Getting Your Workout in the Garden

by guest writer Sheila Olson

March 22, 2018

Image via Pixabay
The secret to exercise is finding something you love to do. However, for many people going to the gym and lifting iron doesn't exactly inspire love -- it's more like loathing. Underneath the fluorescent lights and bass-heavy music, most of us would rather break free than break a sweat.

For an effective workout that connects you to the earth as well as your home, try gardening. This outdoor activity helps strengthen your body while contributing to the environment. An hour of gardening can burn up to 300 calories while relieving stress and increasing bone density. Here are some of the ways gardening acts as a super substitute for the gym.

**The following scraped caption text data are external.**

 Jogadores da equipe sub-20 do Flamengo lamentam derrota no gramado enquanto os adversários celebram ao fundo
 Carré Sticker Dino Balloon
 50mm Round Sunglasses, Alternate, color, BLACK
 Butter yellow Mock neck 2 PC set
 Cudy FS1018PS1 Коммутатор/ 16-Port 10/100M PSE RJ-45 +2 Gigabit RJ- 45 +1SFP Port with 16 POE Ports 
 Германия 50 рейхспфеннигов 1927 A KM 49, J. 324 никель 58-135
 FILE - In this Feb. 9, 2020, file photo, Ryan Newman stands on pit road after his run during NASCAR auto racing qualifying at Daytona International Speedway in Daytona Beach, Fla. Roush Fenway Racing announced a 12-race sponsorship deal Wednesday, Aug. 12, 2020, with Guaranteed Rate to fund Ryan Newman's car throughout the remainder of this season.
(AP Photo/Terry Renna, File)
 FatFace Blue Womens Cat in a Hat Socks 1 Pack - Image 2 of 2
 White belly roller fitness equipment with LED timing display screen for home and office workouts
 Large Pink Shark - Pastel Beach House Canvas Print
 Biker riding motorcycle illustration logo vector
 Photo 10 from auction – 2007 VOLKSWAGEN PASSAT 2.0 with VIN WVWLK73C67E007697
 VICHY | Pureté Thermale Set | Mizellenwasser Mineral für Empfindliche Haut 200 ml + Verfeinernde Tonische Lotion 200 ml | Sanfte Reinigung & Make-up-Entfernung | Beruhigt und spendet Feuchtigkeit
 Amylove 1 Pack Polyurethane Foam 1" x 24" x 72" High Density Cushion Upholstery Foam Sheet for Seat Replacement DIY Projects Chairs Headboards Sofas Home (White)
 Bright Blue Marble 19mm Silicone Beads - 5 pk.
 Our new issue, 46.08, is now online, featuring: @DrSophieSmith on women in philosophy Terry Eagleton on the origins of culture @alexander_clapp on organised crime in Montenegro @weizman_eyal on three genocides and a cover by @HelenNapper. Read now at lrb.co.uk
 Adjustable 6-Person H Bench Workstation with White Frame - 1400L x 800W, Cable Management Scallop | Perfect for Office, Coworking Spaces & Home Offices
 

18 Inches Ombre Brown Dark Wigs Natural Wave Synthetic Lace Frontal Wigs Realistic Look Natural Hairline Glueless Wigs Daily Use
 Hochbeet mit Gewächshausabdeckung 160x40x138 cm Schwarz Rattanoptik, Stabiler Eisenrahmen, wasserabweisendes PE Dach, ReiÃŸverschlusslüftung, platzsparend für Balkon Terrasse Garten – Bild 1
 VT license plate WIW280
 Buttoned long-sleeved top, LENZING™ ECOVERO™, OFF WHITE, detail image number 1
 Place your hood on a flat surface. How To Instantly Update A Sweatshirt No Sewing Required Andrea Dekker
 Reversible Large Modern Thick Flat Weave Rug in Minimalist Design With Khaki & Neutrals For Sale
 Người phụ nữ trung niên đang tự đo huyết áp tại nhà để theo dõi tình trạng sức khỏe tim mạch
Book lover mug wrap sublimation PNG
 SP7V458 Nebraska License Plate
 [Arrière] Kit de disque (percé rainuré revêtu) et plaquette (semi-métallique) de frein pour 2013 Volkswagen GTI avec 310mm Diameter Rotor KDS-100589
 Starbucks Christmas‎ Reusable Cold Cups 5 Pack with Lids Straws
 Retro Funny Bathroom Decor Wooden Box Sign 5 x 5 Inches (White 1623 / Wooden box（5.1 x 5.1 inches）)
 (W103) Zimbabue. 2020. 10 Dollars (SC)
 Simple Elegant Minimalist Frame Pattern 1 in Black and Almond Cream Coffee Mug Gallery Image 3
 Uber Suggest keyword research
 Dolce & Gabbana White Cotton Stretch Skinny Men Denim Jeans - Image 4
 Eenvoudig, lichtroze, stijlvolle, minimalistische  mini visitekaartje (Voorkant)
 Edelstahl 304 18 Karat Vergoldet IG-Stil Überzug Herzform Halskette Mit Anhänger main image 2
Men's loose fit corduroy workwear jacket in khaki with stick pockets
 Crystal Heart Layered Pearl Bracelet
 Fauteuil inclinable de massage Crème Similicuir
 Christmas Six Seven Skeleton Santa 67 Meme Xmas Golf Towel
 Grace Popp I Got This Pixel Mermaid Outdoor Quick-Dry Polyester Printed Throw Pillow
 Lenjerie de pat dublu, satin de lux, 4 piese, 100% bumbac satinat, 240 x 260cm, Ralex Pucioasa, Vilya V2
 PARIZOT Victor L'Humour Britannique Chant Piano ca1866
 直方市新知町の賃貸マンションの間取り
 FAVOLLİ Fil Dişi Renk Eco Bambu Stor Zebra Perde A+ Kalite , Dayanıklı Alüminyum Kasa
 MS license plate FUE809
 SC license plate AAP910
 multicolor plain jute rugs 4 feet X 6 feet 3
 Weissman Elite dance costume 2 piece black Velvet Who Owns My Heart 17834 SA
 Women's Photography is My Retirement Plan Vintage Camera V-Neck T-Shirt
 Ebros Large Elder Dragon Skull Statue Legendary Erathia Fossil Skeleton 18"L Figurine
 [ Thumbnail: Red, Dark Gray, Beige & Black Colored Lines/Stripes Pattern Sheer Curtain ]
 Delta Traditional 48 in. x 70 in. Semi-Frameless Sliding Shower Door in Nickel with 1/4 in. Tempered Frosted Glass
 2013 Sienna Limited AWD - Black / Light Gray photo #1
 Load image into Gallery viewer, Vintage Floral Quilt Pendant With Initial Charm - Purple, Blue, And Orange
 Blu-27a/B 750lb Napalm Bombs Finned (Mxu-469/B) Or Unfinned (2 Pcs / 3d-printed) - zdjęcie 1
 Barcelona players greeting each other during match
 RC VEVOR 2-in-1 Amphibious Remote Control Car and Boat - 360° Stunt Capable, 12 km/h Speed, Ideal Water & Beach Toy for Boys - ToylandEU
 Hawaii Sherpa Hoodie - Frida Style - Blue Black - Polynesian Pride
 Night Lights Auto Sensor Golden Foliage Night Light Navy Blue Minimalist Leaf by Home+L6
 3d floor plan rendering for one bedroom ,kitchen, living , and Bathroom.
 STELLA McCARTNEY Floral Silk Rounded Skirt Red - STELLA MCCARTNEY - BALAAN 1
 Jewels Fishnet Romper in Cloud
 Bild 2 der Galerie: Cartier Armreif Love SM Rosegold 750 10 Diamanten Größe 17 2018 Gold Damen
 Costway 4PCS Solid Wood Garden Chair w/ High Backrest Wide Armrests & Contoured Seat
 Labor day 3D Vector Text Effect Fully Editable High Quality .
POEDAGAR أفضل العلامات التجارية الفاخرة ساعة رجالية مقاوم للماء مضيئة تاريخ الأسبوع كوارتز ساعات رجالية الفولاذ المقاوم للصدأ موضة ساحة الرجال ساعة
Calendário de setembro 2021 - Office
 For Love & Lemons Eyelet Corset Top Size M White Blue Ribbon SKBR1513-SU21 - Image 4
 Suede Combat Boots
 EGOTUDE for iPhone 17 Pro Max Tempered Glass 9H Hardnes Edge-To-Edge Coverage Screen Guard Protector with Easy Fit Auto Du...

Build Your Core with Proper Bending

When you're working in the garden, you'll find yourself hunched over from time to time. It's important to avoid this, as hunching over can cause serious back pain and neck strain. Instead, bend responsibly by engaging your core muscles the entire time. Your core muscles help stabilize your entire body. They make up your abs and back as well as your inner trunk muscles that help build and protect the spine. Working and maintaining these muscles help prevent back pain and injury all while helping reduce harmful belly fat.

To aid injury prevention, add various core exercises to supplement the work you accomplish in the garden. Simple planks, crunches, bridges, and other bodyweight exercises can be done at home and still produce great results.

Get Really Strong Arms with Raking

Breaking out the rake can give your arms and shoulders a serious workout if you do it right. Use short, strong motions and change sides every 2 to 3 minutes to make sure you don't build more on one side than the other. Keep the rake close to your body and make sure your back is straight while you move about the garden.

Of course, raking isn't exactly a year-round activity in all climates. A good way to get your arm workout when leaves are still on the trees is to practice composting. Compost is rich, nutrient-filled soil formed by decaying organic matter. People use compost as an additive to their gardens and beds as well as when they plant trees and shrubs to enrich pre-existing soil. Spreading the compost over garden areas takes great amounts of tilling and raking in the dirt to make sure it fully combines.

Strengthen Your Seat with Squat Lifts

Whether you're picking up a pallet of newly budding plants or you need to move that bag of soil from one side of the yard to the other, you should always use your legs to lift heavy objects in the garden. Lifting with your legs helps work your hamstrings, quadriceps, glutes, and calves for long and lean legs. You also help strengthen and tone these muscles as you squat in the garden digging at the dirt or pruning your plants. Just like you should with your upper body exercises, always be sure to engage your core for stability and safety when squatting.

More Tips for Your Gardening Routine

While you may enjoy this new workout routine, keep in mind that it's still physical exertion. Be sure to drink plenty of water when working outside to prevent dehydration and heat stroke. You also want to wear sunscreen with a high SPF, light clothing with good coverage, and wear a wide-brimmed hat to keep the sun's harmful rays off your face. Finally, take some time after your gardening session to stretch. You'd be surprised at just how sore you can get planting azaleas.

Gardening is a great way to get some physical exercise while doing something you enjoy. The everyday actions involved in gardening help stabilize your core muscles, strengthen your arms, and build a sturdy lower body. Take the time to do each movement properly and treat your time outside like a workout and you'll build a healthy habit that can increase your quality of life.